The Democratic Party of Japan’s (DPJ) historic landslide victory over the long-ruling Liberal Democratic Party (LDP) in Sunday’s election will have important consequences for that country’s domestic politics, as well as its strategic relationship with the United States. Just as important, however, is what regime change will mean for Japan’s economic outlook and the fitful process of reform.
As likely future prime minister Yukio Hatoyama begins assembling his new government, Japan finds itself at a crossroads: the global economic crisis has rocked its faith in export-led growth; rising inequality threatens its cherished shared prosperity; and demographic change strains social order and the public coffers.
The DPJ’s list of priorities includes taking on the powerful central bureaucracy, implementing ambitious new social programs targeted at families and consumers, and overhauling the national budget. But as London School of Economics scholar Ronald Dore argues in a new New American Contract paper, “Japan Rethinks Reform”, what’s really at stake is the future of the “Koizumi reforms” – the neo-liberal deregulation and privatization policies carried out during Junichiro Koizumi’s 2001-2006 stint as LDP prime minister.
The DPJ is notably less enthusiastic about American-style globalization than its LDP predecessors: in a recent op-ed that ran in The New York Times and elsewhere, Hatoyama criticized “unrestrained market fundamentalism and financial capitalism.”
Although the election results do not threaten the U.S.-Japan strategic alliance, many commentators expect the DPJ to move away from Japan’s longtime U.S.-centric economic strategy and instead focus on the economic community of its Asian neighbors. The party’s emphasis on domestic welfare programs – aimed at combating unemployment, assisting agriculture and small business, raising the birthrate, and alleviating poverty – also signals a turning-away from the neo-liberal agenda.

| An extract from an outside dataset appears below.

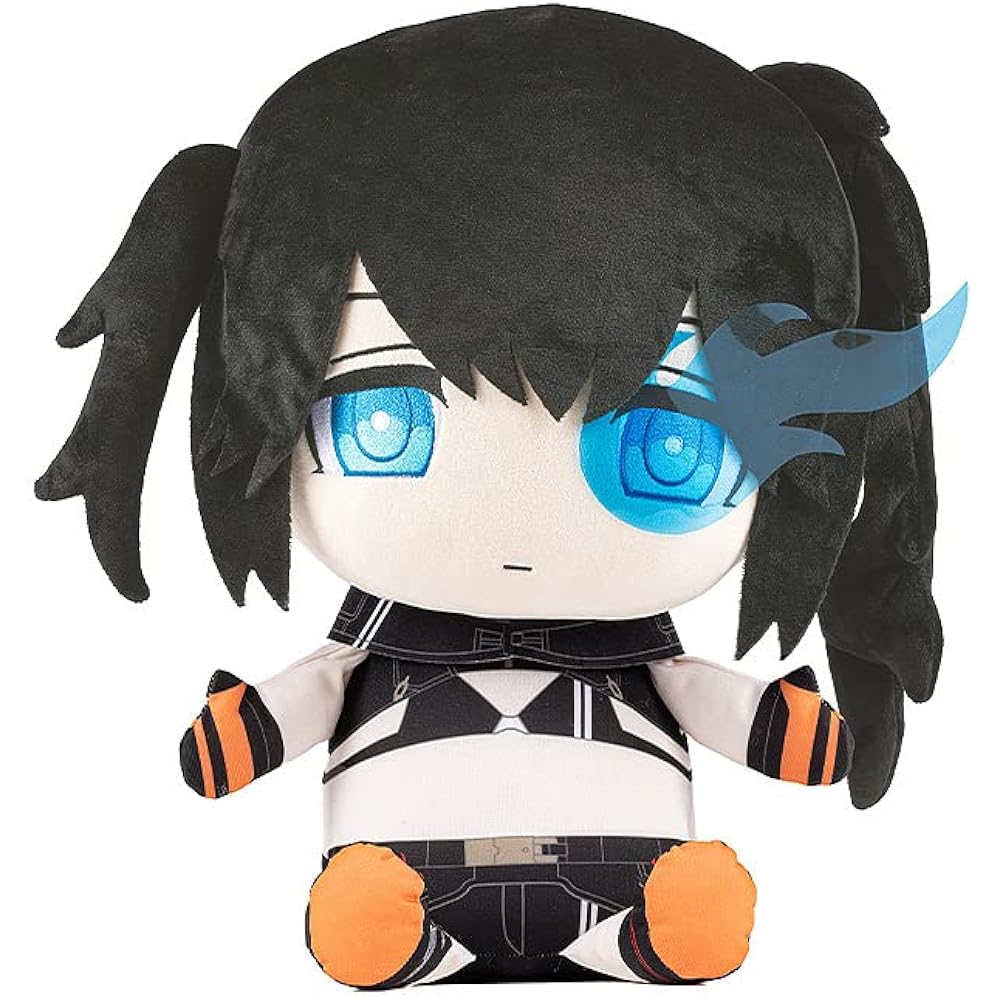 Black Rock Shooter DAWN FALL Empress [Black Rock Shooter] Large Plush Toy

Japan’s sclerotic economic performance since its “Lost Decade” of the 1990s suggests that a reversal for the LDP and its policies was long overdue. Yet even as the small government, structural reform project loses steam, Dore believes that Japan’s corporate governance and management reforms of the last decade are not going anywhere.

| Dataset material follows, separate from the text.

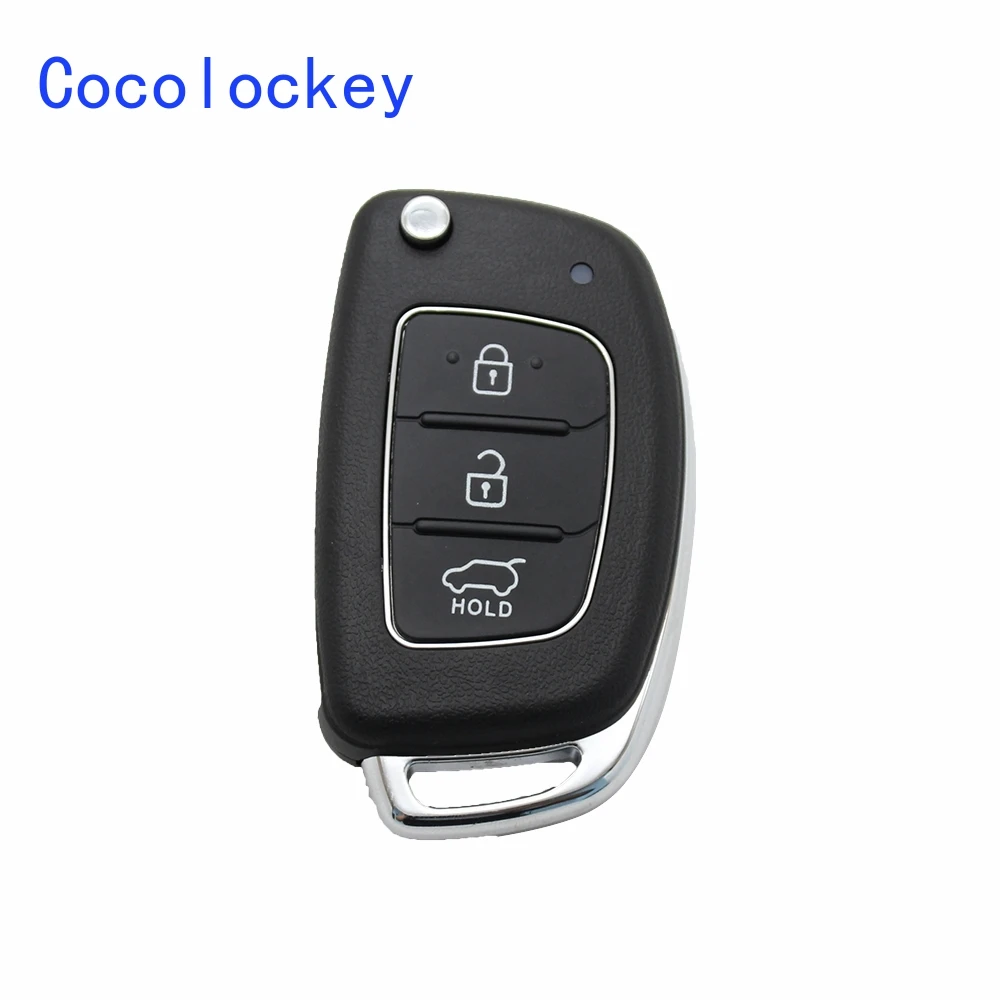 Cocolockey Uncut Blade 3 Button Car Remote Key Shell for Hyundai Elantra 2014-2016 Flip Folding Key Case Fob Cover Car Accessory
Cocolockey Uncut Blade 3 Button Car Remote Key Shell for Hyundai Elantra 2014-2016 Flip Folding Key Case Fob Cover Car Accessory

The “shareholder revolution,” in which cozy management arrangements gave way to increased market discipline and stock price replaced market share as the crucial metric of economic performance, seems firmly entrenched despite the political and economic upheaval of the past year. Even as the DPJ rejects American economic ideologies, the “Anglo-Saxonization” of the Japanese corporation continues.

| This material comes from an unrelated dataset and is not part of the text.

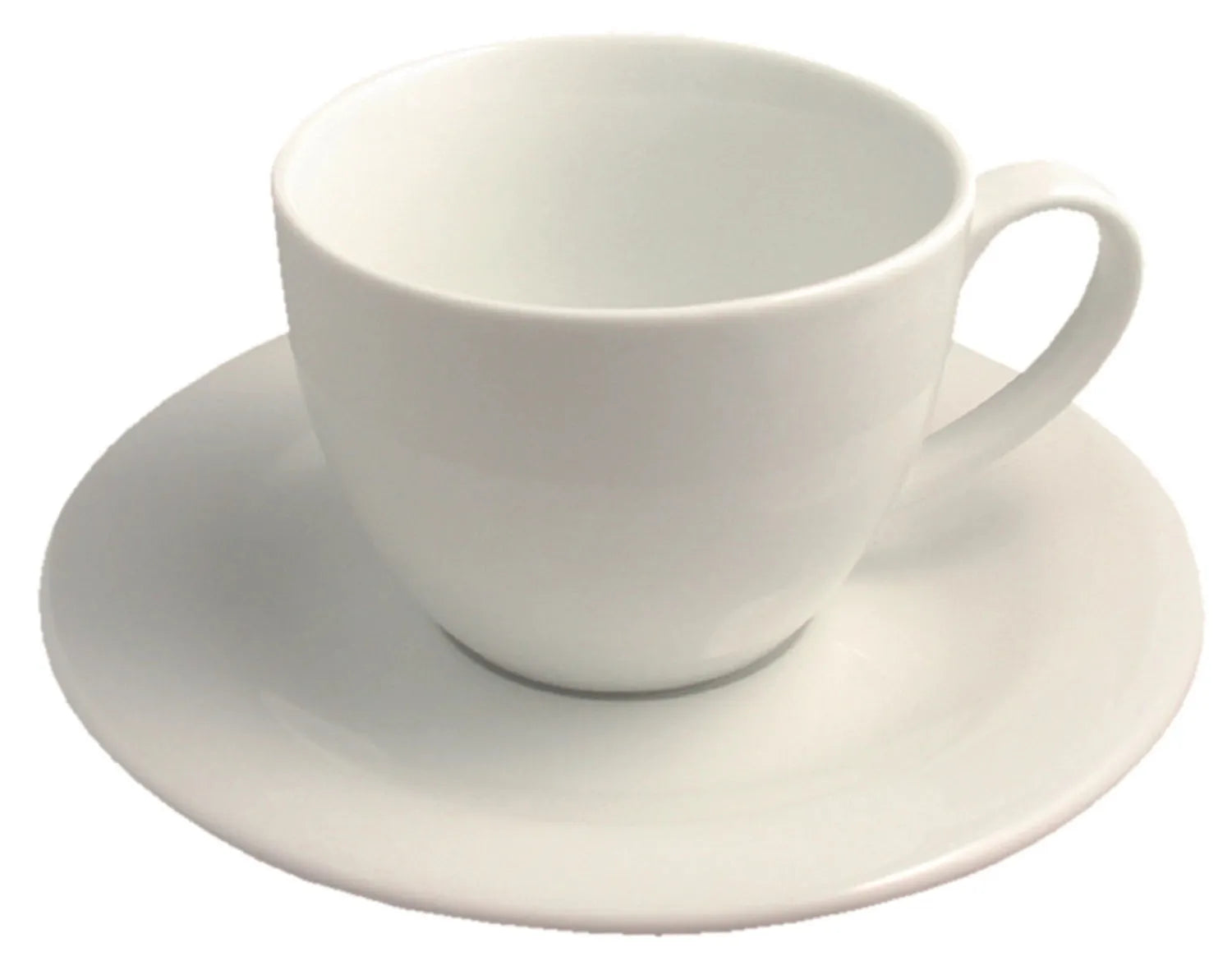 Elegante Lipari Frühstückstasse von Revol: Hochwertiges Porzellan, 35cl, zeitloses Design, ideal für Kaffee und Tee.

Going forward, the country faces a crucial choice: continue its export-led, current account surplus model of economic growth, or move in the consumer-oriented direction of other developed economies. Japan will retain its emphasis on “making things,” its tradition of lifetime employment with a single firm, and its collegiate management style. But as the untested DPJ’s ambitious domestic agenda confronts a changed corporate culture, no one can say with certainty how things will shake out.